From the plastic strain values, it can be depicted that the thick materials take most deformation and therefore more crash energy will be observed by thick shell components compared to thin shell components.
Cross sectional force:
Sectional force plots along the x-axis for elastic material models.
Sectional force plots along the x-axis for nonlinear material models. The maximum force is experienced at time 1.2ms i.e. just after the crash in all cases.
From the above plots it can be depicted that plastic material undergoes mostly compressive load. The magnitude of the maximum force at the section plane is high in case 1 and minimum in case 4.
Comparatively thick shell models experience less force than the thin shell models.

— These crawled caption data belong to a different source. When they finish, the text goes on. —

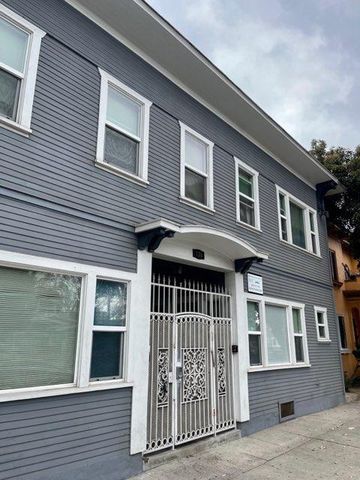 720 E  8th St #6, Long Beach, CA 90813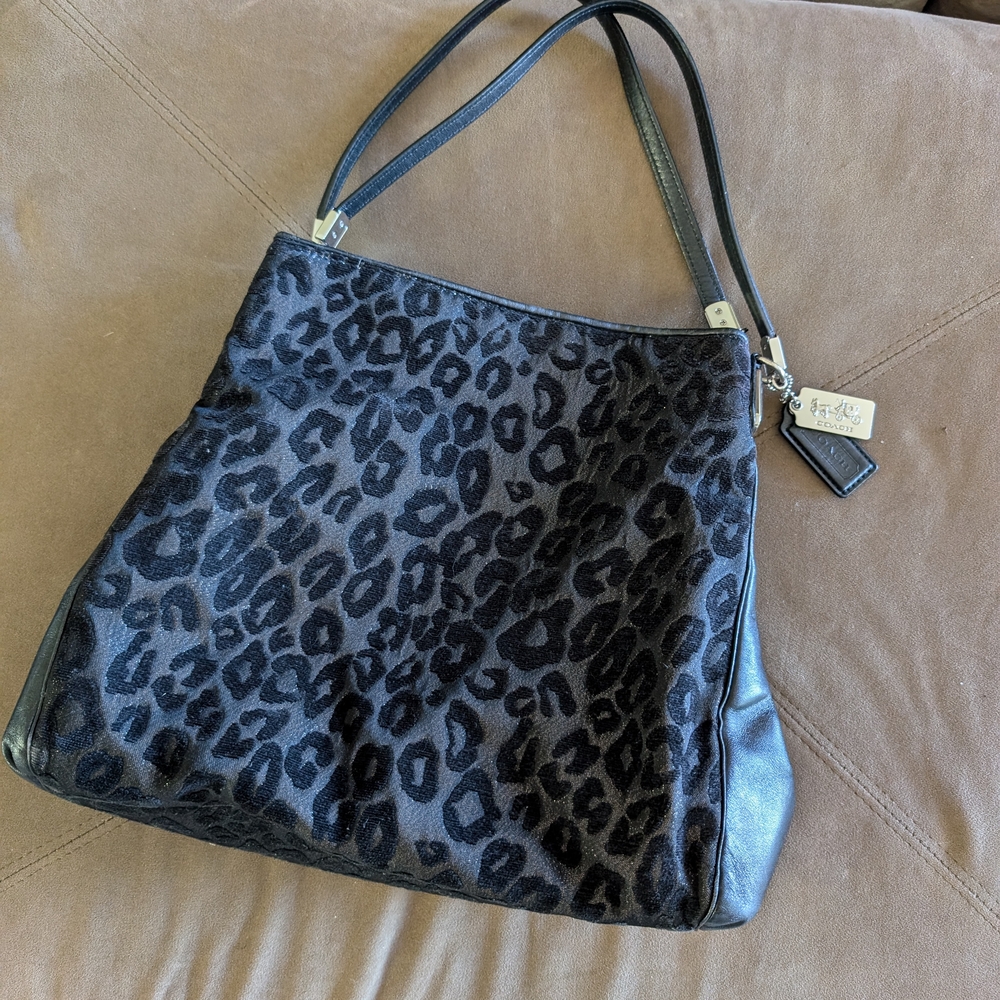 Coach Black Shoulder Bag with Classic Silhouette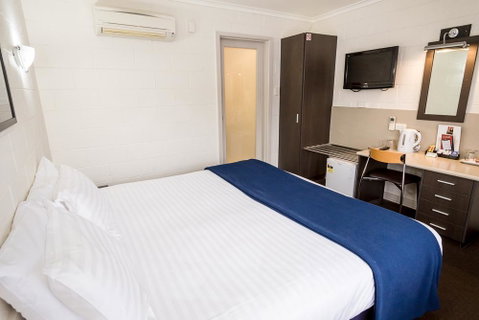 Edgewater Hotel - Tourism TAS 18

Acceleration: Acceleration along x - axis (Exact value) is considered rather than resultant acceleration because (Absolute value). Three nodes are considered for output in each case.
The nodes of the both thickness values for elastic material, minimum is observed at 1.2ms and the both models decelerate right after the crash.

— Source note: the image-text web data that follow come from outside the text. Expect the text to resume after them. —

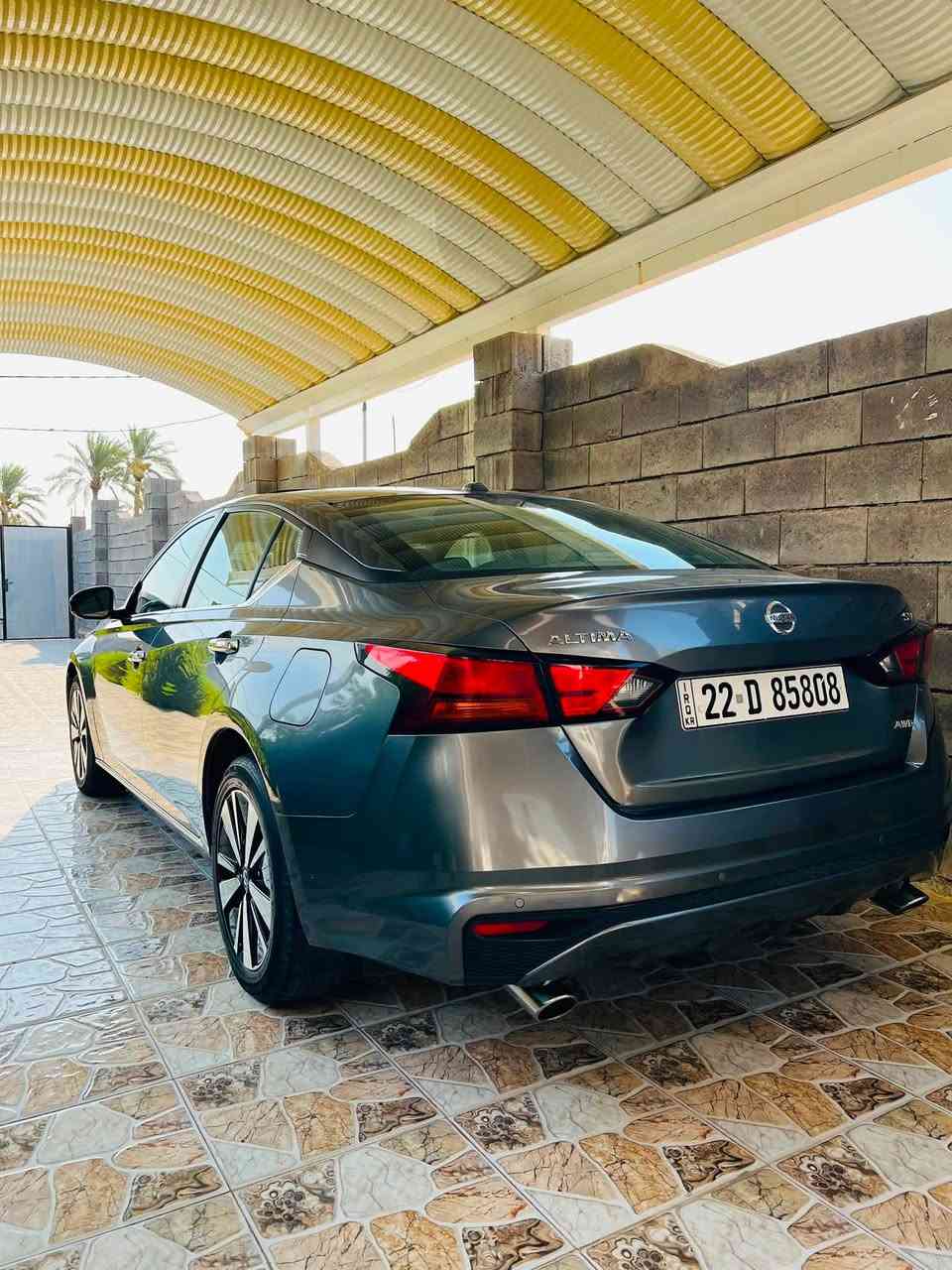 للبيع نيسان التيما لون نفطي 2022 SV وارد امريكي رقم شمالي 
المواصفات 
بصمة-رادار امامي خلفي-اشاير بالمري - تشغيل عن بعد - كشن كهرباء -فتحة-قيادة ذاتية وغيرها  عدا كشن جلد 

محرك2500 
ماشية 70 km
الضرر 
موجود بالصور حافة الجنطة فقط والباقي مكفول 
الاستفسار على الرقم ***********
العنوان الرمادي حصيبة الشرقية
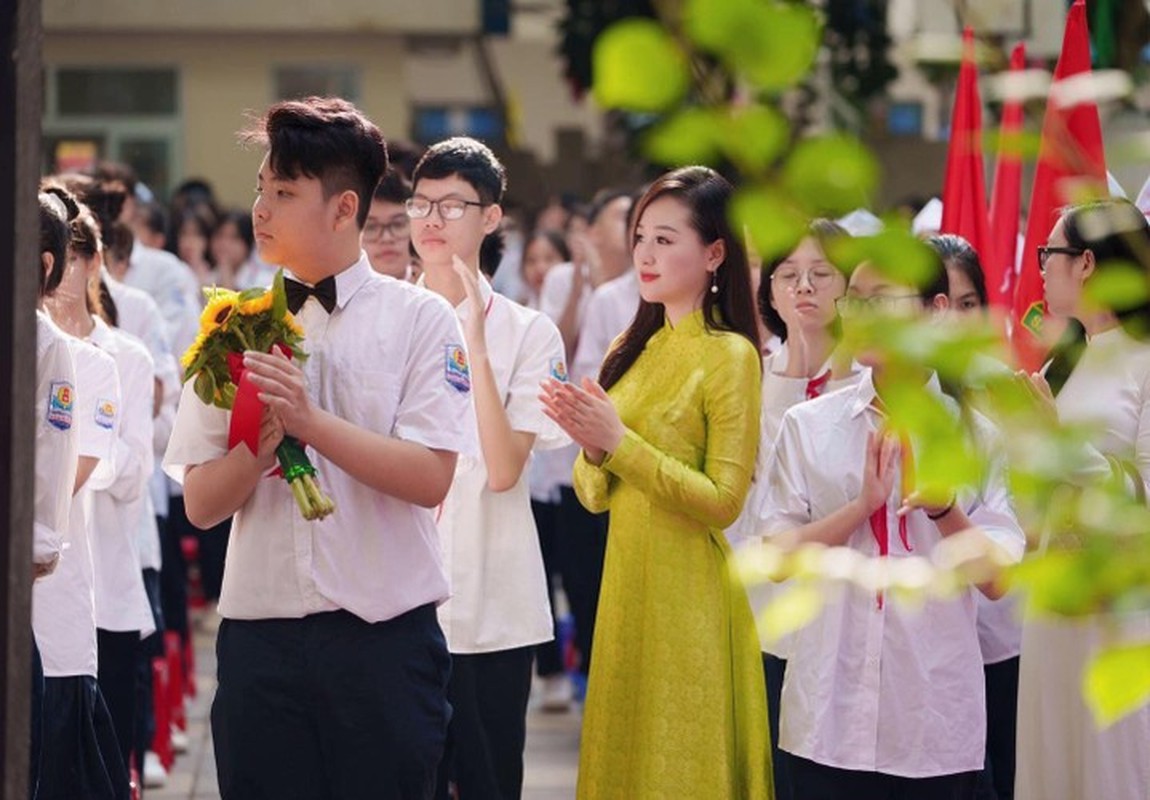 Danh tinh co giao Ha Noi bat ngo noi tieng sau le khai giang-Hinh-6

The nodes of the plastic material moving with uniform velocity are observed to be accelerating right after the crash and during this time, the plastic material undergoes plastic deformation mostly.

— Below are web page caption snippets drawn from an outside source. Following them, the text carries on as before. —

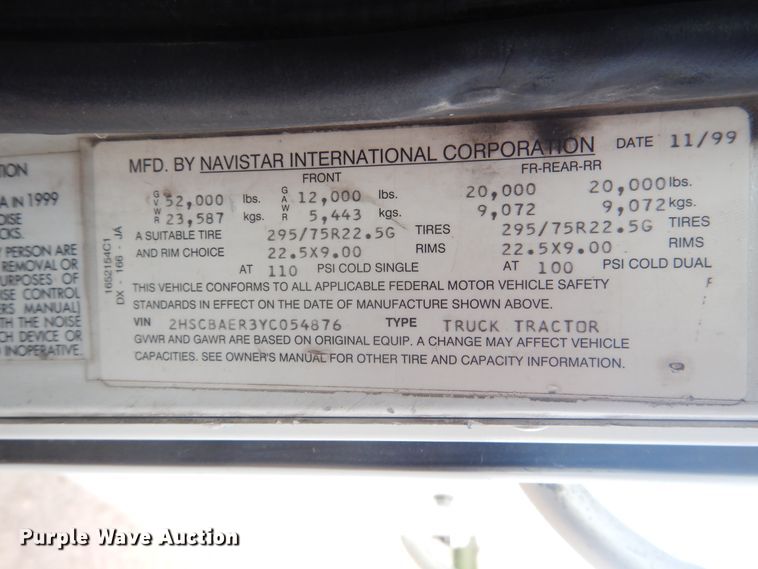 image for item DD0369 2000 International 9100i  semi truck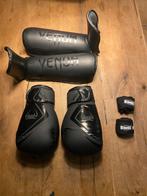 Venum Boksset: Handschoenen, Scheenbeschermers & Bandages, Ophalen of Verzenden, Zo goed als nieuw, Bokshandschoenen
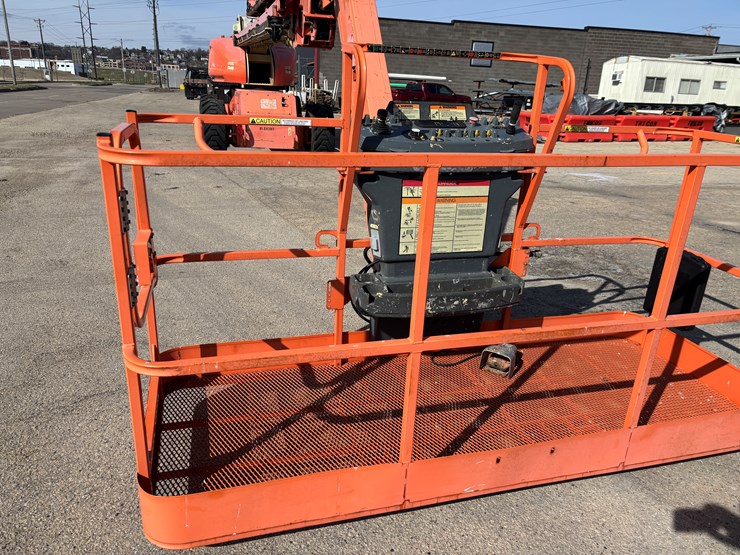 2007-jlg-1350sjp-image-47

Thin shell elements are observed to have maximum acceleration value compare to thick shell models in both material cases.
Maximum directional stress and strain along length (Absolute values):
Case | X- Stress (MPa) | Y- Stress (MPa) | X-Strain (1e-3) | Y- Strain (1e-3) |
---|---|---|---|---|
Case 1: Elastic 1.2mm | 491.09 | 466.44 | 2.01 | 1.17 |
Case 2: Elastic 1.5mm | 449.46 | 386.47 | 1.87 | 0.982 |
Case 3: PLP 1.2mm | 227.89 | 254.48 | 0.76 | 6.05 |
Case 4: PLP 1.5mm | 247.89 | 239.77 | 0.73 | 6.19 |
The above tabulated values are absolute values at various time intervals.
Energy plots:
The elastic materials happen to have less raise in the internal energy and retain most of its kinetic energy as expected and this is also confirmed in the above animations.
The non linear material energy plots show that there is a high raise in internal energy due to the plastic deformation at crash and very less amount is retained as kinetic energy.
From all the energy plots it is clear that there is no amount of sliding energy during the simulations and this is due to the bouncing of the crash box off the wall after crash. Total energy in the all cases is almost constant and this shows the energy is successfully conserved.
Conclusions:
The crash box with different thickness and material is crashed into the rigid wall is simulated successfully according to the objective. The results are validated and compared among thickness and material conditions. The unit system used is gm-mm-ms.